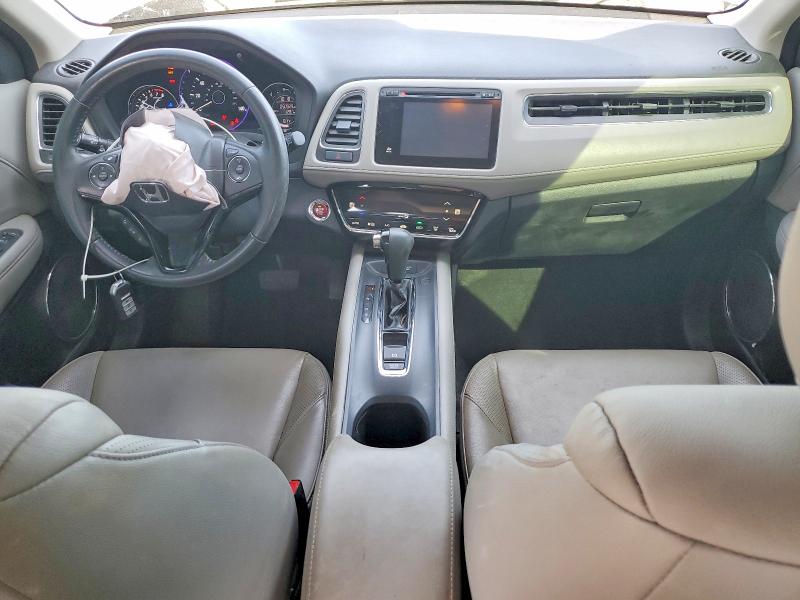 66311326 :رقم المزاد ، 3CZRU6H7XHM729450 vin ، 2017 Honda Hr-v مزاد بيع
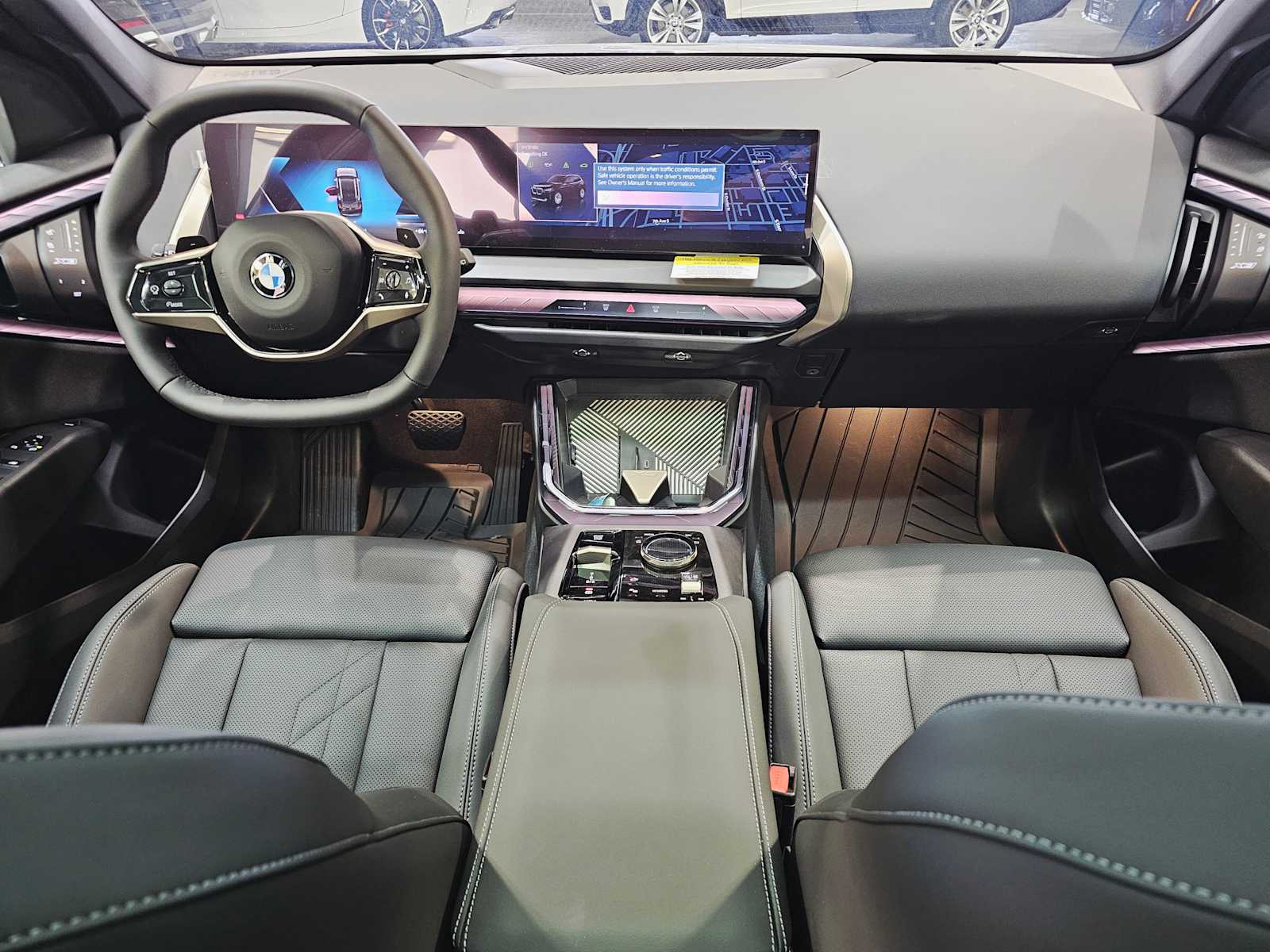 Thumbnail: 2025 BMW X3 - 10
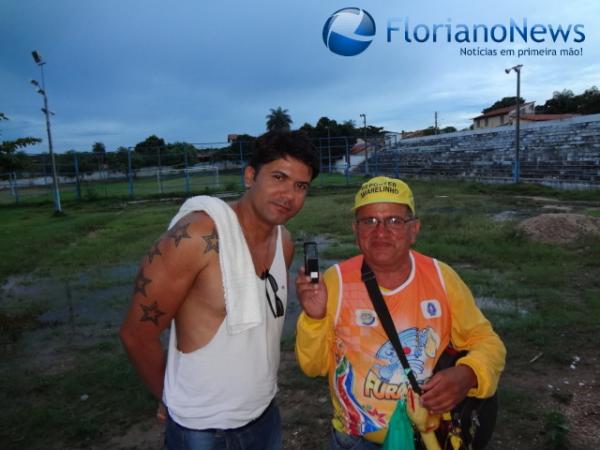 Bloco Furac&atilde;o (Imagem:FlorianoNews)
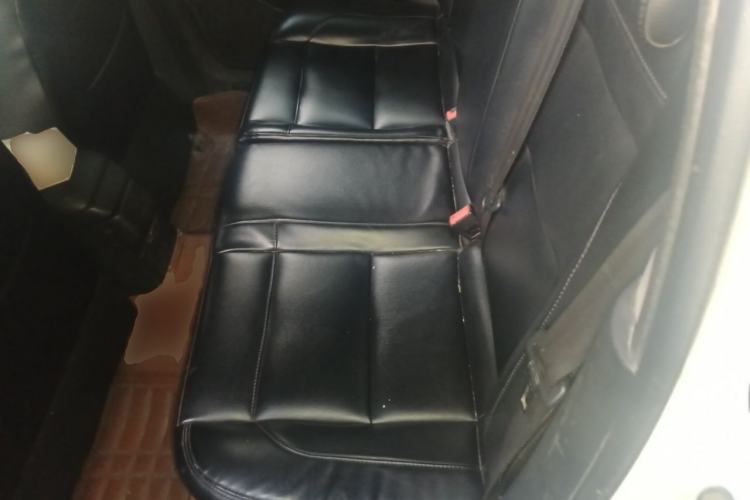 Used Citroen C-Quatre 2016 Classic Sedan 1.6L Manual - Premium Version Left Rear Seat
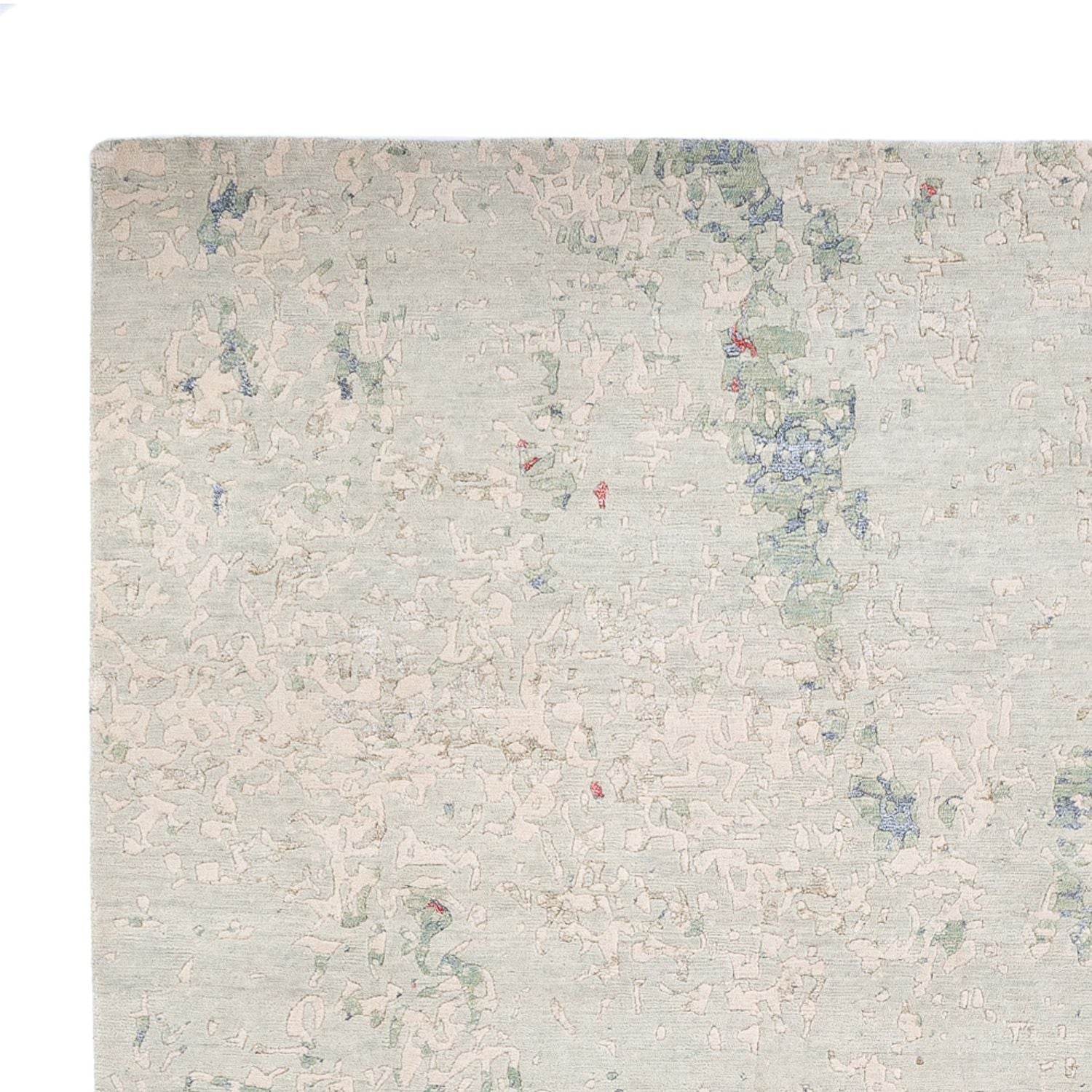 Alfombra de diseño - 300 x 200 cm - gris claro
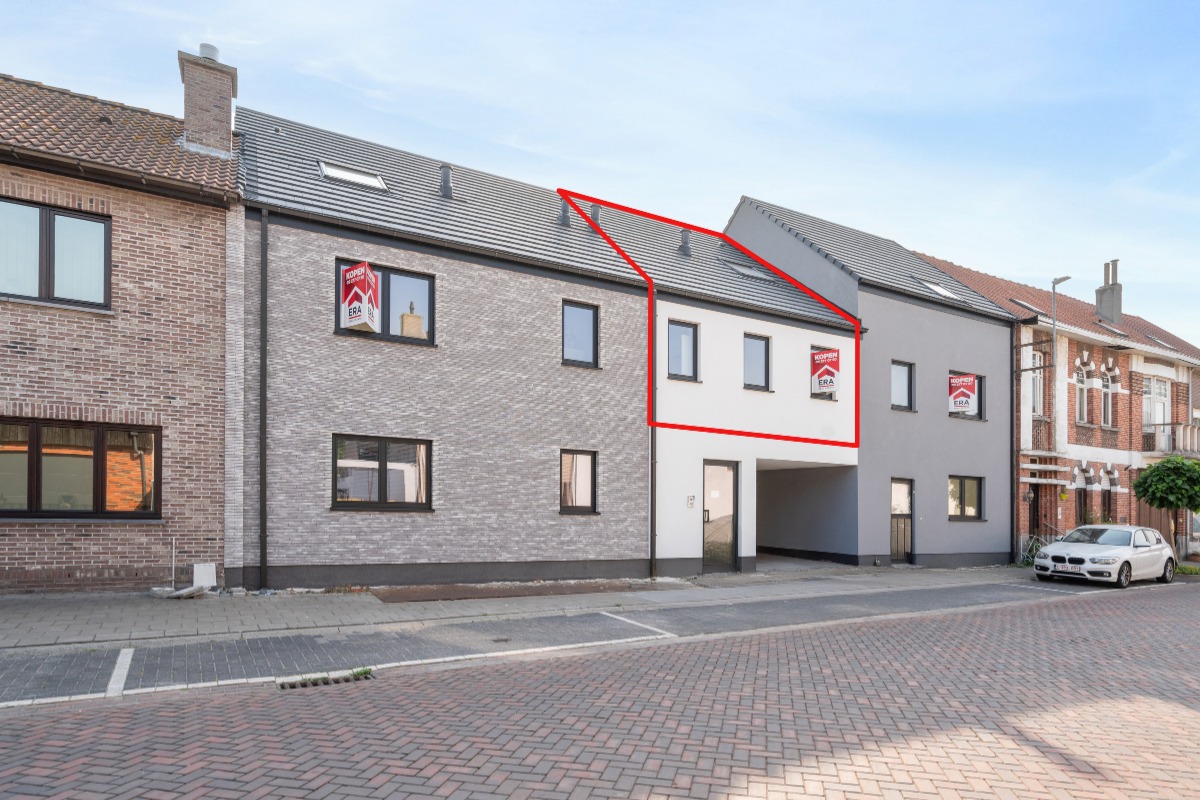 Appartement à De Klinge
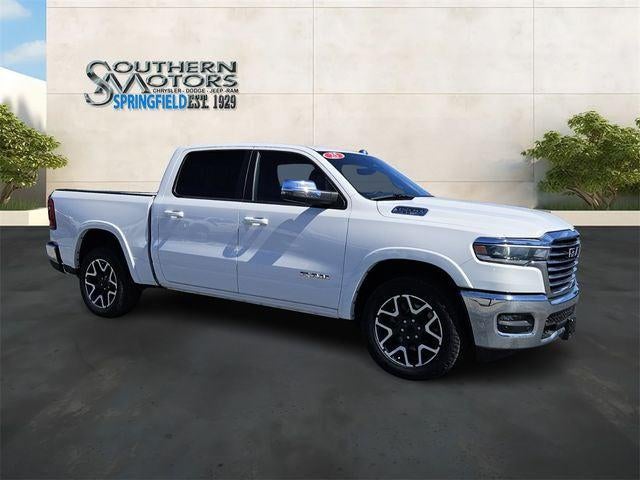 2025 RAM 1500 Laramie Crew Cab 4x4 5'7' Box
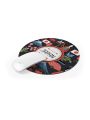 mouse pad redondo personalizado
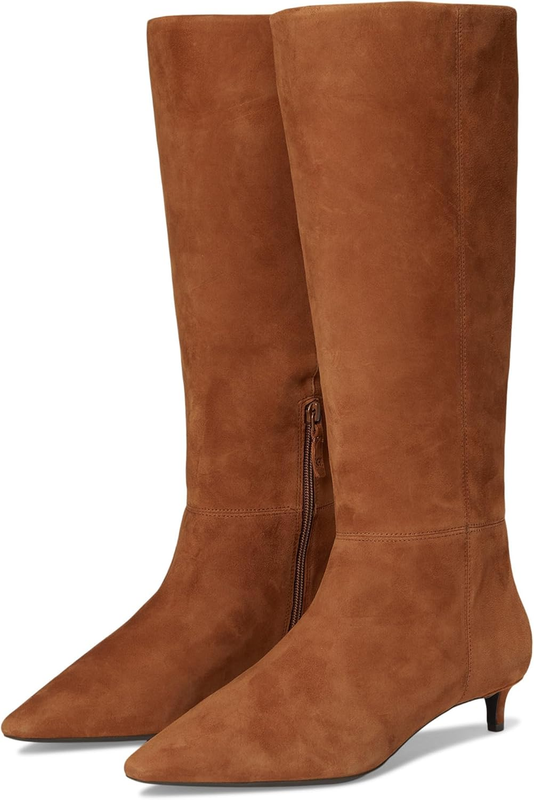 Cole Haan Womens Go-to Janece Dress Boots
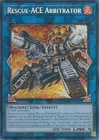 Rescue-ACE Arbitrator - BPRO-EN051 - Secret Rare - 1st Edition x1 - Near Mint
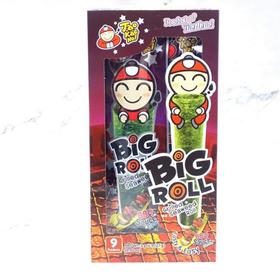 Roll烧烤风味香脆海苔3g*9（8858702431729）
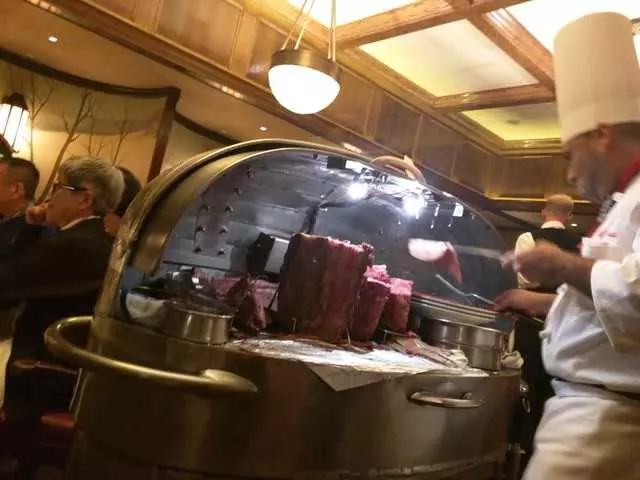 House of Prime Rib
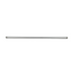 T&S S078X 8" Riser w/ 3/8" NPT Male Threads, Stainless Steel-cityfoodequipment.com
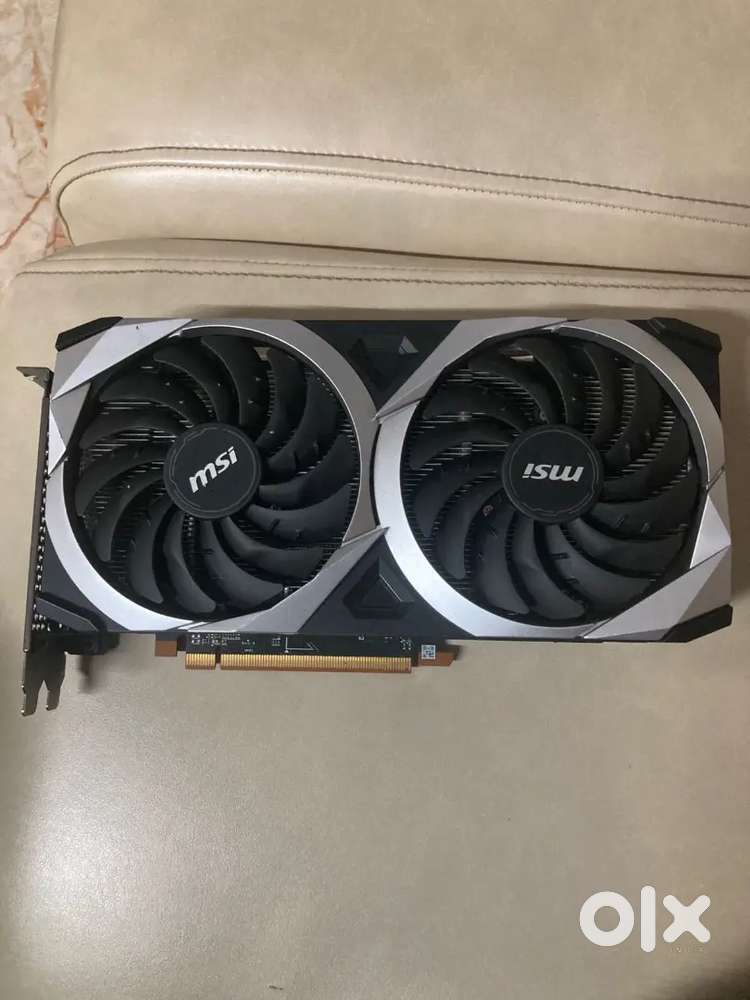 Msi Rx 6600 xt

◆ WHAT IS BEING ASKED: Every line from the one containing "House of Prime Rib" to the end of the material above is to be returned exactly, with the pictures left out.

◆ SOLVED PROBLEM:
 House of Prime Rib
 T&S S078X 8" Riser w/ 3/8" NPT Male Threads, Stainless Steel-cityfoodequipment.com
 Msi Rx 6600 xt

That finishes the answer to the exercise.